異常な緊張とストレスで、日々水代わりに飲むコーヒーすら喉を通らなかった。
── チクショー……平気じゃねぇって事か。
先延ばしにしても一緒だ、俺には葉璃がついてるから大丈夫、そう自身を奮い立たせて覚悟を決めたつもりでも、面と向かうとなると聖南の心はすでに崩壊寸前だった。
運転する手も心なしか震える。
情けない。
葉璃にもこの事を打ち明けないままだから、これが終わっても寄り添ってもらえない。
あえて言わなかったわけではなかった。
はじめは、伝えようとしていた。弱いところを見せたくはないけれど、「頑張ってくるから」と強い自分を演じようとした。
それから、葉璃には会食直後に存分に甘えさせてもらおう。
そう決めていたのに、迫り来る嫌事が目前に迫ると、単に聖南に余裕が無くなりこの事を匂わせる術も思い付かなかった。
忘れていたわけではないのに、無意識に今日の日を記憶から消してしまうほどには動揺している。
料亭さくらの駐車場に車を停めた聖南は、ハンドルに両手を掛けて項垂れた。
── どんな顔してりゃいいんだよ……。
父親は一体、どういうつもりで聖南と会食をしたいなどと言い出したのだろうか。
仕事を名目に会食をするならば、社長や副社長、幹部が顔を出せば良かったのではないか。

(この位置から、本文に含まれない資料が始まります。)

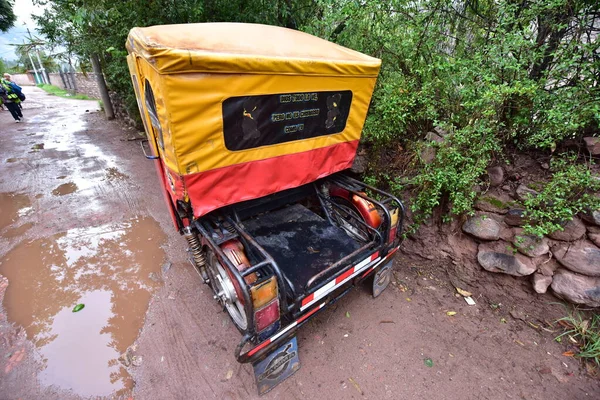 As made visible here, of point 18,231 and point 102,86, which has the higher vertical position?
point 102,86

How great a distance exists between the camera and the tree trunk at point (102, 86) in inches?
391

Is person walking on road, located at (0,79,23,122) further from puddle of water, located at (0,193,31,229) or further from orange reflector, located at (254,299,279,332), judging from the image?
orange reflector, located at (254,299,279,332)

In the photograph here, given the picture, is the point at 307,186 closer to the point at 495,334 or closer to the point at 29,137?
the point at 495,334

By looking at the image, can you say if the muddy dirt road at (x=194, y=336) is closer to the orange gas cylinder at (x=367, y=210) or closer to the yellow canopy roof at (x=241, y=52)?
the orange gas cylinder at (x=367, y=210)

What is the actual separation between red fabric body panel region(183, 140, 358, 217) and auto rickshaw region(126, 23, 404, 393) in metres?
0.01

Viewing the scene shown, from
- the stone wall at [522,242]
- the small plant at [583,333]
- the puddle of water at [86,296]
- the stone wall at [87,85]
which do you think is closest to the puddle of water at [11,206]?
the puddle of water at [86,296]

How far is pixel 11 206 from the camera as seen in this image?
195 inches

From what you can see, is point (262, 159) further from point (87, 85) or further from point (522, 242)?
point (87, 85)

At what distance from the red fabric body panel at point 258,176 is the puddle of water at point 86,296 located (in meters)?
1.72

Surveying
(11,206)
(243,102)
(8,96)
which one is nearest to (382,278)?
(243,102)

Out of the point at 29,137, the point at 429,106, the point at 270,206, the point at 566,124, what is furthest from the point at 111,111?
the point at 566,124

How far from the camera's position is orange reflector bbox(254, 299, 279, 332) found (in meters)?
1.87

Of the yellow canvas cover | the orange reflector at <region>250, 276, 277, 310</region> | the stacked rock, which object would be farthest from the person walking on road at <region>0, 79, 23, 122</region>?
the stacked rock

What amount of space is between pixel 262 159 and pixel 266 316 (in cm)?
131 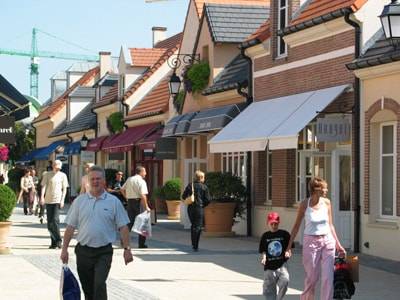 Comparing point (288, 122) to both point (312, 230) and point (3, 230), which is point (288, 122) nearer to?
point (3, 230)

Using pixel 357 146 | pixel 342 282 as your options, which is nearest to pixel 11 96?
pixel 357 146

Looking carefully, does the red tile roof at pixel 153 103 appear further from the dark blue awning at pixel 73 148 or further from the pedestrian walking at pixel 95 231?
the pedestrian walking at pixel 95 231

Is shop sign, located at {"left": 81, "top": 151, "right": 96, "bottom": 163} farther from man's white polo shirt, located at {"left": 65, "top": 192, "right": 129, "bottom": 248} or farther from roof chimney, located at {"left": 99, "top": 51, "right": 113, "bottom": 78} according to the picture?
man's white polo shirt, located at {"left": 65, "top": 192, "right": 129, "bottom": 248}

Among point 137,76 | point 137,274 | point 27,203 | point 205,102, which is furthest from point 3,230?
point 137,76

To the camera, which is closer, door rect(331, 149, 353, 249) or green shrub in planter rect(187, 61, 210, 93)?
door rect(331, 149, 353, 249)

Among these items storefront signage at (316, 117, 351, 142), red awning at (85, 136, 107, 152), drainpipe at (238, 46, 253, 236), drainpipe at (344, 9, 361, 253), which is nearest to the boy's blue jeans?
drainpipe at (344, 9, 361, 253)

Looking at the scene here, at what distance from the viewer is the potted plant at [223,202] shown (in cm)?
2361

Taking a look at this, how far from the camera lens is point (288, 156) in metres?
22.8

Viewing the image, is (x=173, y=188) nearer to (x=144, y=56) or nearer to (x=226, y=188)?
(x=226, y=188)

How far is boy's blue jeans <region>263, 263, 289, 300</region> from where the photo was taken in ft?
36.9

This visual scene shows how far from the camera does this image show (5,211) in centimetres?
1867

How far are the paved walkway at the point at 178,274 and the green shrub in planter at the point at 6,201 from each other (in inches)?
32.2

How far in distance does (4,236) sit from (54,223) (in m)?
1.45

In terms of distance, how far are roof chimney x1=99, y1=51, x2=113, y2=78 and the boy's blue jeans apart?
45.2 m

二度も三度も聖南を交えた会食の打診があったとなると、どうしても疑ってしまう。
父親は、自らの立場を利用し聖南との関係の修復を目論んでいる。今さら何度頭を垂れても許す気などない。もはやその次元ですらない。
過去には蓋をしていたのだ。
今がとても幸せだから、悲しかった事も寂しかった事もわざわざ思い出させてほしくない。

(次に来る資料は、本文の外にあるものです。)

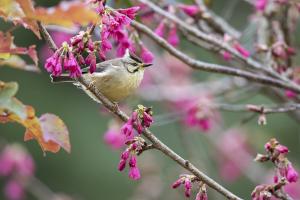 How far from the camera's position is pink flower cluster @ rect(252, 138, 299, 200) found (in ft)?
7.79

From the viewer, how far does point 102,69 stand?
348 centimetres

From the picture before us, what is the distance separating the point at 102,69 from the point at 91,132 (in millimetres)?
7632

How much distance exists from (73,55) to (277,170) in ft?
2.80

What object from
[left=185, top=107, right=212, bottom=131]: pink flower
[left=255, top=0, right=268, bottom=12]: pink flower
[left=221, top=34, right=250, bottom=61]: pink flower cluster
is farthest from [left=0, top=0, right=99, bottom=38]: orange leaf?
[left=185, top=107, right=212, bottom=131]: pink flower

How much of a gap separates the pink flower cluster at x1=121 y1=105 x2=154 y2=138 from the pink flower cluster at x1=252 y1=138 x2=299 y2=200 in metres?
0.45

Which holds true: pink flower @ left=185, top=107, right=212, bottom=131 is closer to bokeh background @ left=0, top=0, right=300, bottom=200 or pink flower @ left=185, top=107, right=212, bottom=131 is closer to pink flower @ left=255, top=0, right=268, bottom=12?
pink flower @ left=255, top=0, right=268, bottom=12

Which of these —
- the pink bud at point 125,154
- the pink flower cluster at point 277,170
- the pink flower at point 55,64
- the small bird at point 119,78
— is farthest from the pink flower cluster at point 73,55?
the small bird at point 119,78

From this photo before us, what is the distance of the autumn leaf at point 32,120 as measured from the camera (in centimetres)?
200

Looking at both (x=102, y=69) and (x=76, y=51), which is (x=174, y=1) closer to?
(x=102, y=69)

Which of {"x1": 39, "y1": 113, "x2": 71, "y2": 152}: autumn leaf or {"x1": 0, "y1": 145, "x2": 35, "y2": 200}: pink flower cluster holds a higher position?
{"x1": 39, "y1": 113, "x2": 71, "y2": 152}: autumn leaf

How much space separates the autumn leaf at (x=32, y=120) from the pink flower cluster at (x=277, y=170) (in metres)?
0.70

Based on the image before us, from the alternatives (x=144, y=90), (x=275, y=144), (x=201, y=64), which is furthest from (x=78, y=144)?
(x=275, y=144)

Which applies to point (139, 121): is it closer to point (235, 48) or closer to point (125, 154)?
point (125, 154)

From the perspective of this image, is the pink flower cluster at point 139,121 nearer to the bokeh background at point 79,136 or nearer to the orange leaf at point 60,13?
the orange leaf at point 60,13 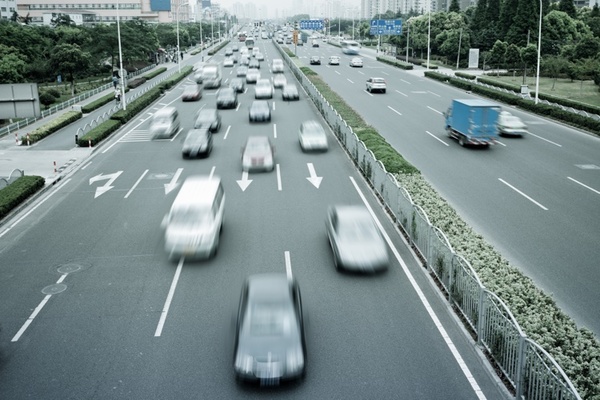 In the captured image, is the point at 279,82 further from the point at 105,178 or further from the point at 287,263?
the point at 287,263

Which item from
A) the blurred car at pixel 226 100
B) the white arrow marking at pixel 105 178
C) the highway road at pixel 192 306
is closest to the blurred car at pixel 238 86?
the blurred car at pixel 226 100

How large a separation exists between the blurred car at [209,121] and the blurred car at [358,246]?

顔を見てしまうと、きっと、どこまで苦しめるつもりなのだと罵倒したくなるだろう。
感情を抑えられる自信は皆無である。
「うぉっ……」
頭痛と吐き気が同時に襲ってくるほど思い詰めていたところに、突然運転席側のドアを開けられた聖南は驚いて変な声を出した。
犯人は難しい顔をした社長で、車中で項垂れていた聖南を心配そうに見ている。
「……セナ、大丈夫か」
「あぁ、大丈夫。いやそんなわけねぇだろ。全然、……大丈夫じゃねぇ」
「だろうな。早めに切り上げるよう頃合い見てやるから、セナはとにかく渡辺の方と話をしていればいい」
「……分かった」
運転席から降りた聖南は、会食ともあってきちんとビジネススーツでやって来ていた。
仲居に案内されている最中、聖南は不安げに社長の後ろを付いて歩く。
「なぁ、もう来てんのかな」
「恐らくな」
「社長さぁ、アイツとトモダチなんだろ? なんであんなのとトモダチなんだよ」
「あれは昔から不思議な男なんだ。友人の一人ではあるが、私もそれほど親しかった覚えはない。以前からほとんど連絡も取り合わない」
「……ふーん……」
会話をしているとあっという間に個室の前にやって来てしまい、聖南は一度大きく深呼吸した。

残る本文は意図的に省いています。